Наталья Горбаневская
Любовь к родине – не профессия
Насколько я была патриотом, настолько и осталась. Люблю старую Москву, Москву моего детства, остатки которой еще сохранились. Люблю среднерусские пейзажи. Но теперь люблю еще и Париж, который стал мне родным, и Прагу, и Вроцлав, и бесконечно разнообразные пейзажи Франции, и Ассизи, где я однажды праздновала свой день рожденья, и еще много чего. И по-прежнему, еще со старых времен, нежно люблю Вильнюс. Так что если спросить профессиональных «патриотов», то они меня в патриоты не зачислят. Но любовь к Родине – это не профессия.
Спи, кузнечиков хор!
Лес восходит на холм.
Бес проехал верхом.
Я не верю стихам.
Ложь, мелодия, сон.
Звон глагола времен.
Смех, признание, стон.
Что за жребий мне дан!
Слов не выпить с горсти.
Строк в тюрьму не снести.
Ни согреть, ни спасти
от властей и страстей.
Тронь струну – вся в крови.
Трень да брень оборви.
СВЕТ И СЛОВО ЛЮБВИ.
Спи, кузнечиков хор.
Далее начинался Париж. Город, в котором Наташа прожила тридцать восемь лет – половину жизни. Наташе хорошо было с Парижем, не сразу, но постепенно он вошел в ее поэтический мир. Но постепенно вошел.

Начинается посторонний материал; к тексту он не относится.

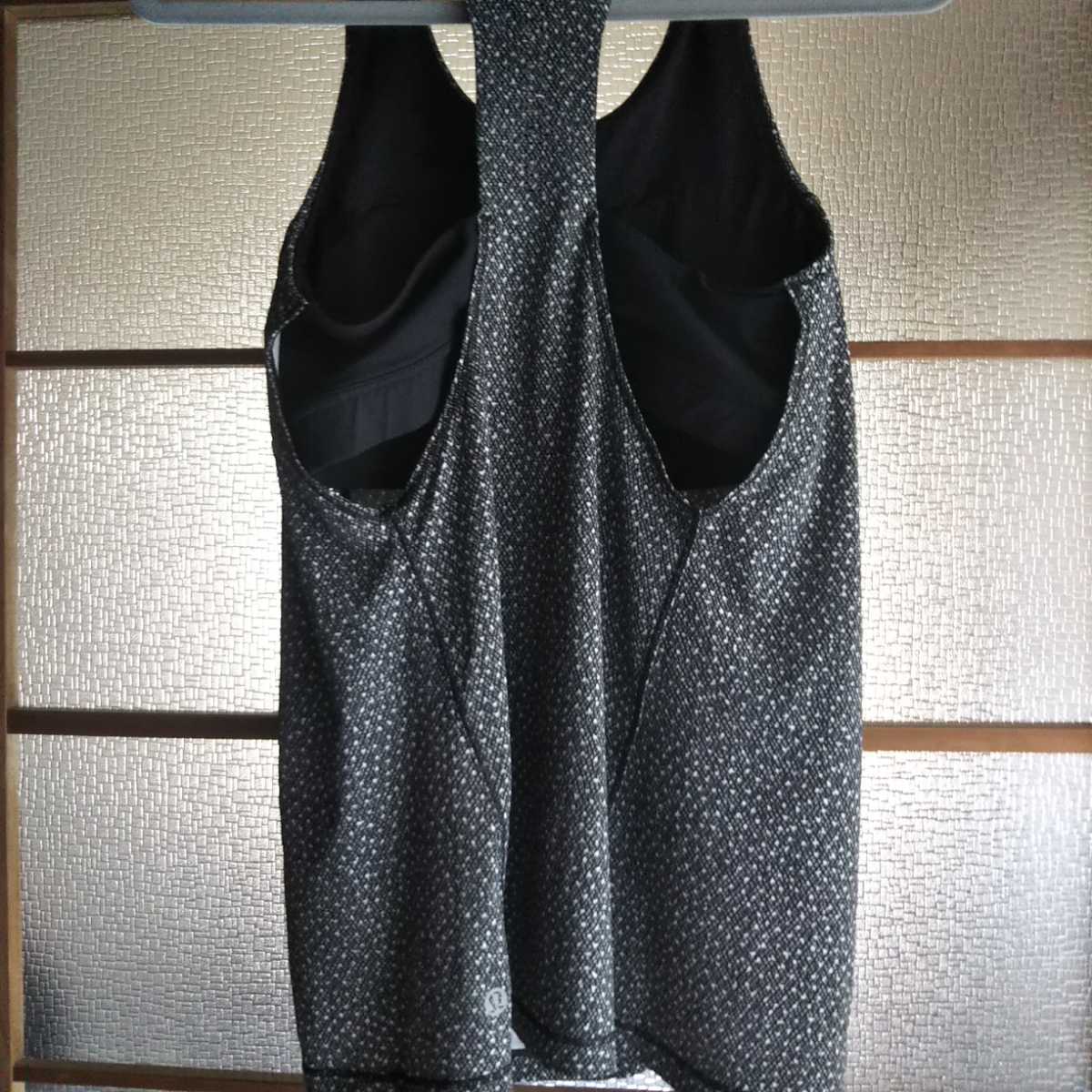 ルルレモン ブラ付きタンクトップ Sz6 hit it tank frozen fizz 中古 美品_画像2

Л. У.Зачем на слишком шумный Сен-Жермен,
останемся на этом перекрестке,
на тлеющей асфальтовой полоске
послеполунощных ленивых перемен,
где я сама себя не узнаю
и близоруко щурюсь на витрину,
и в темных стеклах стыну, стыну, стыну,
и в светлых облаках, встречающих зарю,
горю, и горько слезы лью, и стыну, и горю.
Наталья Горбаневская
Увидеть Париж…
Из письма друзьям (Борисовым и др.), 28.02.1976
«…Я думаю, что увидеть Париж – не то же самое, что увидеть еще, и еще, и еще что-то интересное, чего так много в мире. Это одно из тех впечатлений, без которых, по-моему, нельзя прожить жизнь. Но понять это можно, только увидев его. Это как я до девятнадцати лет прожила без серьезной музыки и, впервые попав на концерт, уже не могла жить без этого. А представьте себе, если бы не было концертов, пластинок, радиопередач – и только в литературе можно было бы прочитать о тех чувствах, которые она, эта музыка, вызывает. Верили бы и литературе, и чувствам, но чужим, а сами без них спокойно обходились. Так и Париж. Никакие книги, открытки, альбомы! Это настолько не передает! <…> никого не уговариваю. Не у всякого такая легкость адаптации, быть может – просто легкомыслие, чтобы бродить в чужом городе как в знакомом доме и дышать только воздухом сегодняшнего дня (не только не вчерашнего, но и не завтрашнего)».